Here are three examples of how I’ve been down that road:

Obsessing about girls I liked (long before I met Erin). I always had the fear of not being loved, and my dating life in high school was pretty much non-existent. In a couple of cases, I would fixate on a girl (two, actually, though not at the same time) because she was nice to me. Being friendly signaled an interest in romance in my mind. So I would call them too much and think about them all the time, which, naturally, got in the way of everything else I should have been focusing on. If translating human kindness into a mating call isn’t an exaggerated response to something more normal, I don’t know what is.

Obsessing about an impending job performance review: Job reviews are a normal part of a job. Sure, they can be stress-inducing, especially right before it happens. But my anxiety attacks would begin weeks — sometimes months — beforehand. During that time, I would go on vicious food binges. It would always be a waste of emotion, because the reviews would go fine, especially when Anne Saita was my boss.

Obsessing about travel: I used to have a massively exaggerated response to business trips. Mostly, I would worry about the plane blowing up in flight. That’s because I always had a fear of loss. I’m also a control freak, and when you’re in a plane you have no control. It’s funny to think back on, because now I love travel.

Exaggerated responses are a trademark of OCD cases.

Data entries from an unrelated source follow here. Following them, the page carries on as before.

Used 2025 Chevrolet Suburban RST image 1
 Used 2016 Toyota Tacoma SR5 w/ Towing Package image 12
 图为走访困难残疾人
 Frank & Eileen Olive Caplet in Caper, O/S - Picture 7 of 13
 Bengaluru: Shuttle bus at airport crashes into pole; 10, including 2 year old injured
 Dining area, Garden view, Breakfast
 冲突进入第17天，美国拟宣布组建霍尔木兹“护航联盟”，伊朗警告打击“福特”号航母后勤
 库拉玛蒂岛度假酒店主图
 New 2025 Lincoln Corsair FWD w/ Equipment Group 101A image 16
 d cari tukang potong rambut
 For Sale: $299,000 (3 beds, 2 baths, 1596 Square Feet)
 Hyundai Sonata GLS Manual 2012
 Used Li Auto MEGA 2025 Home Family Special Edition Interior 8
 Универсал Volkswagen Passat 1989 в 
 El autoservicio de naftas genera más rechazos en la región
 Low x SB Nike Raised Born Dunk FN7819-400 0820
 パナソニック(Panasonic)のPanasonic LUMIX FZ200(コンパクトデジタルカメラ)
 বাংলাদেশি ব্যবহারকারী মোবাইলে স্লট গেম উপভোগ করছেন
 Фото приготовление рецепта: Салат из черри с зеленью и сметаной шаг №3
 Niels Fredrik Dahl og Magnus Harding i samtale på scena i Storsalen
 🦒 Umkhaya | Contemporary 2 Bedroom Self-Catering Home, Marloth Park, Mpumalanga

How did I get beyond it? Well, I haven’t completely. There are still days — a lot of them — where I’ll have an exaggerated response to the basics. Messy rooms are an example. I just can’t leave a messy room messy. When you have two children below the age of 10, that’s asking a lot.

But my exaggerated reactions are are a lot less than they used to be.

It’s taken years to minimize the drama. It took extensive, emotionally draining therapy, a spiritual awakening and a 12-Step program. Medication has helped, too.

But make no mistake about it: Keeping the exaggerated responses at bay is a life-long challenge.

This much I can tell you: I’m a lot happier now that I’ve learned to limit those rollercoaster rides.